A Global Tax Rate would allow a rebranding of Jersey’s role in the financial services world to take place.
The Global Tax Rate may help rebalance Jersey’s tax revenue intake
The Zero-Ten system may not have helped the local population’s personal finances too much either; it has played a significant role in the shift in the Island’s tax revenues from being mainly paid by corporations, to being mainly paid by individuals.
Before Zero-Ten’s introduction, foreign owned entities paid £600 per year to be registered in Jersey. Following the introduction of Zero-Ten, that fee dropped to £0. In 2002 corporate tax revenues accounted for 57% of Jersey’s total tax pot, and revenue from individuals accounted for just 43%. The latest figures released show that tax paid by corporations now accounts for just 19.5% of receipts, and local residents pay the remainder.
Zero-Ten’s introduction may have forced the Government to introduce GST and attract more white-collar immigration workers and ‘2.1(e)s’, to make up the corporate tax shortfall. The resulting population growth may have led to the increasing cost of living in the Island and pushed up house prices.

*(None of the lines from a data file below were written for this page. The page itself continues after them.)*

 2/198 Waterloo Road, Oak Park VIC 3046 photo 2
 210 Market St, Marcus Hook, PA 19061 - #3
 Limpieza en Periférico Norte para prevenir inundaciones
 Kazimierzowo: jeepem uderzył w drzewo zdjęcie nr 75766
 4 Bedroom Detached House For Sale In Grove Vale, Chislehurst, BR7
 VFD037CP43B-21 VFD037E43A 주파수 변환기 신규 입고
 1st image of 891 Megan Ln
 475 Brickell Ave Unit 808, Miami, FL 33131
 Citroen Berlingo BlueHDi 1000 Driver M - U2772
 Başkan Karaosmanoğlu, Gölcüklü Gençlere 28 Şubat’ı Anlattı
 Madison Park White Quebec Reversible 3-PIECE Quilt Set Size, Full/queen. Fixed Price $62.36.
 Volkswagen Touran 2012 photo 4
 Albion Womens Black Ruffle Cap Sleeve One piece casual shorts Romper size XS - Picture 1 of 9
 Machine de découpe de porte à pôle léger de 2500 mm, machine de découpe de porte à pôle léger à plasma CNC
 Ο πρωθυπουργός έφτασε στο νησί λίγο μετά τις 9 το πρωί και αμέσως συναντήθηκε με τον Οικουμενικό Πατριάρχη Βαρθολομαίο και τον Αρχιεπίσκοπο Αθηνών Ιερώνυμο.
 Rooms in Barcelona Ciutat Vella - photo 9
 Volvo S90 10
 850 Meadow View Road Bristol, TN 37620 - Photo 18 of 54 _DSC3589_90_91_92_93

A Global Tax Rate should increase Jersey’s corporate tax intake, which may, in turn, reduce the pressure on local residents to meet Jersey’s long term budget deficits.
The Global Tax Rate won’t be introduced for a while, allowing Jersey the time to adapt and prepare
The Global Tax Rate proposals are still in their embryonic stage. Once they have been finalised by the G7, which will be no easy negotiation in itself, they will need to be approved by the G20 led by a hostile China.
Surprisingly, the Global Tax Rate may meet the most resistance from individual States and lobbyists within the USA itself. Delaware and other low tax jurisdictions such as Florida and Nevada are arguably the worst offenders globally regarding tax transparency; they will likely fight President Biden’s proposals tooth and nail.
All countries agree that the provisions will only be adopted globally when they can be applied equally everywhere. Without a level playing field, no one country will be expected to implement a new tax system which would put them at a competitive disadvantage.
In short, Jersey has time on its side to adapt its tax code and its ‘Jersey PLC’ marketing to take advantage of the opportunities a Global Tax Rate might bring. Jersey’s relative agility compared to its larger rivals may allow it to reinvent itself to stay relevant in a world with a base Global Tax Rate.
A base Global Tax Rate may not materially impact Jersey’s financial services sectors
The primary driver behind the introduction of the base Global Tax Rate is to make hugely profitable multinationals such as Apple, Facebook, Amazon and Google pay their fair share into government coffers. These companies should be hit hardest by the G7’s proposals which will focus on them intensely.
However, it is likely that Jersey’s blue-chip industries – the private funds and private wealth management sectors – will either be exempted from these corporate tax proposals or will not be in scope in the first place. The current G7 proposals are relatively limited, and investment funds, which act as a valuable gateway to the UK and EU for capital, will probably not be targeted.